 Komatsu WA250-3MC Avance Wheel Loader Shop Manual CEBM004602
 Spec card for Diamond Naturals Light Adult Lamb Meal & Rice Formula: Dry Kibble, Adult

☆ ☆ ☆

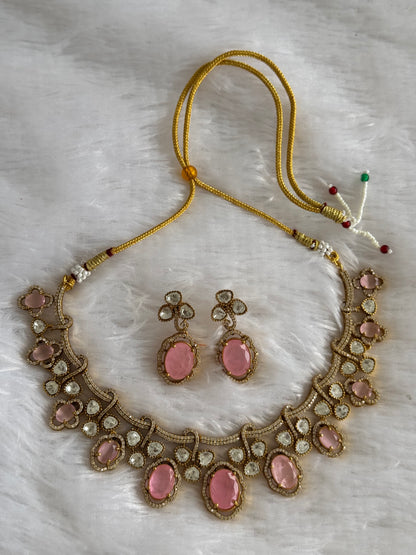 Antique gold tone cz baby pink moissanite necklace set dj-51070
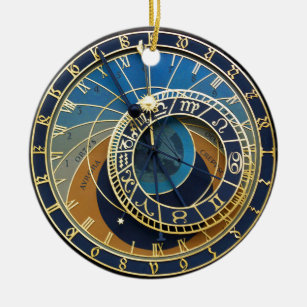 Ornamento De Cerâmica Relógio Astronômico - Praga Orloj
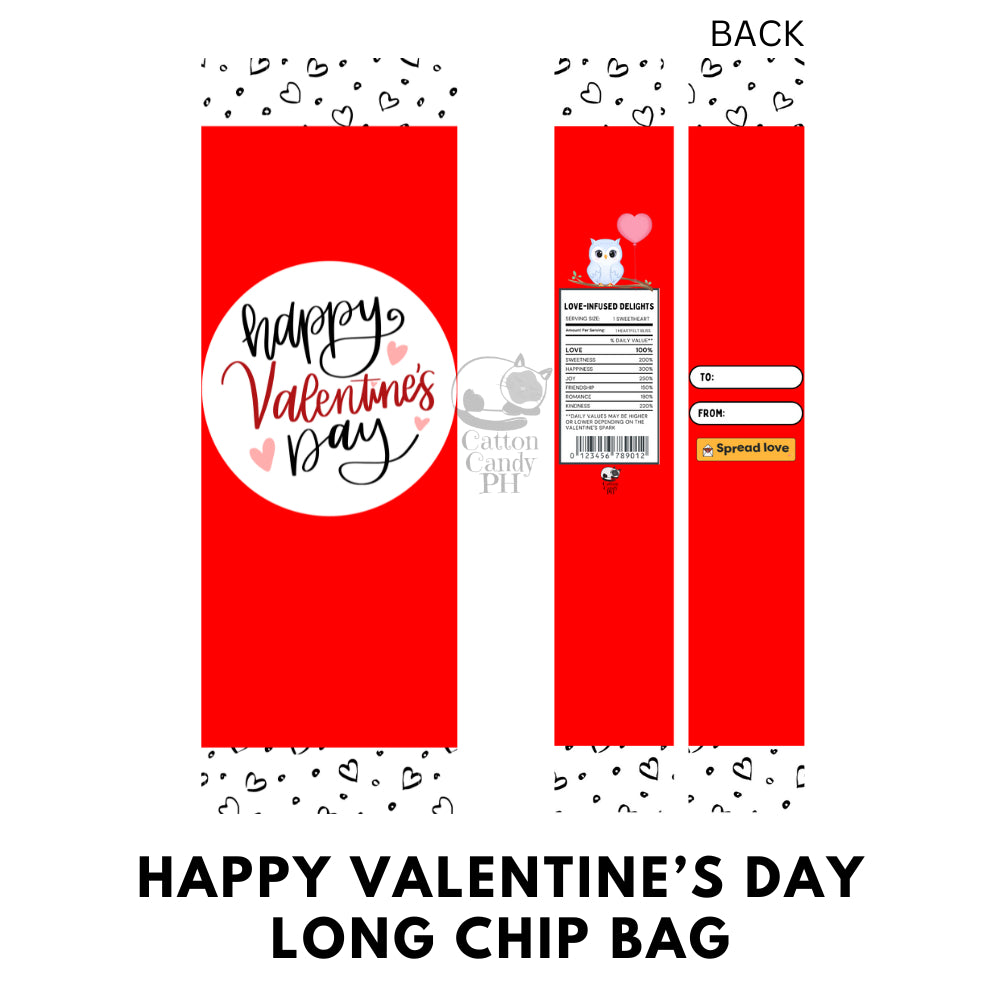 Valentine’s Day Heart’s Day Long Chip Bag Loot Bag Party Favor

☆ ☆ ☆

* [WHAT THE TASK ASKS]: All that should be printed is the run of lines above from the one with "Ornamento De Cerâmica" through the one with "Valentine’s Day Heart’s", both included, exactly as given, with pictures left out.

* [WRITTEN ANSWER]:
 Ornamento De Cerâmica Relógio Astronômico - Praga Orloj
 Valentine’s Day Heart’s Day Long Chip Bag Loot Bag Party Favor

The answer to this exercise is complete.